Repeat the entire listing exactly.

:: PROVIDED DATA ::

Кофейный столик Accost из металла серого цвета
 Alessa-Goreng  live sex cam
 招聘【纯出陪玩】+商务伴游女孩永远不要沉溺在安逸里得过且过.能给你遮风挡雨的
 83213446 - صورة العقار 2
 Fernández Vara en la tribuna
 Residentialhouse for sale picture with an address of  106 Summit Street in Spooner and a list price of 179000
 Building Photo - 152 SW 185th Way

:::

REPLY TO THE EXERCISE:
Кофейный столик Accost из металла серого цвета
 Alessa-Goreng  live sex cam
 招聘【纯出陪玩】+商务伴游女孩永远不要沉溺在安逸里得过且过.能给你遮风挡雨的
 83213446 - صورة العقار 2
 Fernández Vara en la tribuna
 Residentialhouse for sale picture with an address of  106 Summit Street in Spooner and a list price of 179000
 Building Photo - 152 SW 185th Way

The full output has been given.